Чтобы прочитать сравнительно простой и небольшой песенный текст, увидеть его глубину либо даже элементарно уяснить заключающийся в цепочке его слов смысл, нужен ряд соотнесений этого текста: с танцем, который песня сопровождает; с церемонией, обрядом, бытовой или трудовой ситуацией, которые составляют функциональный континуум песни; с мифологическим фоном; с традиционной песенной формульной стилистикой и образностью; наконец, с реалиями, повлиявшими на возникновение и художественное содержание песни. Это все, так сказать, материализованные непосредственно в тексте внепесенные связи. А ведь можно ставить вопрос шире — о неявном выражении в нем миропонимания, идеалов, отношений среды в общем плане.
У каждой песни, даже самой краткой, заключающей несколько слов, бесконечно повторяемых и варьируемых в ходе танца, есть ключ: это может быть имя мифологического персонажа, указание на какое-нибудь обрядовое действие, словесная связь с ритуальным эпизодом, какой-то яркий образ.
Песенные тексты предельно сжаты и каждое слово в них значит очень много, оно ведет нас или к мифу, или к реальным житейским обстоятельствам, к людям, магическим действиям, оно несет ассоциативные связи и нередко полно символики, смысл которой вполне открыт для посвященных. Например, символическое упоминание горы, озера, реки в маорийской песне является способом идентификации локальной группы, которая прямо не названа. У маорийцев же слова песни о татуированной коже, омоченной слезой, безусловно, относятся к изображению чьей-то смерти. Тот же символический смысл заключен в словах о стае китов, выброшенных на риф. Образ часто рождается от непосредственного впечатления и отражает реальное наблюдение, но смысл его неизменно много шире и включает ассоциативные моменты. Песня замечает цвет птичьего клюва и птичью повадку, окраску облаков в час заката, форму камня и памятного источника, но всему этому придается в конечном счете тот или иной символический оттенок.

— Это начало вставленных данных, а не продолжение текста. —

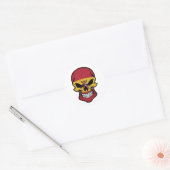 Sticker Rond Espagne Drapeau crâne souriant (Enveloppe)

Существует мнение о первобытной поэзии как плоде свободной импровизации. Океанийский материал это не {11} подтверждает. Рождение песни в момент ее исполнения (что, собственно, и означает импровизацию) — большая редкость. Как правило, исполняются песни уже существующие, хорошо знакомые, вошедшие в традицию. Мелодии, слова, значение таких песен, их место в бытовых ситуациях закреплены в памяти. Импровизационный момент выражается в элементах вариативности, которые вызываются обстоятельствами. Так, в традиционную песню встречи гостей исполнители включали новые имена и, может быть, одно-два слова, связанные с данной ситуацией. То же самое — иногда в большей степени — относится к похоронным плачам. Но большинство песен в подобном вариативном обновлении не нуждается, так как связано с устойчивым круговоротом жизни, повторяющимися типовыми ситуациями, цикличностью и по самой своей сути требует относительного, а подчас и абсолютного постоянства: словесного, мелодического, исполнительского.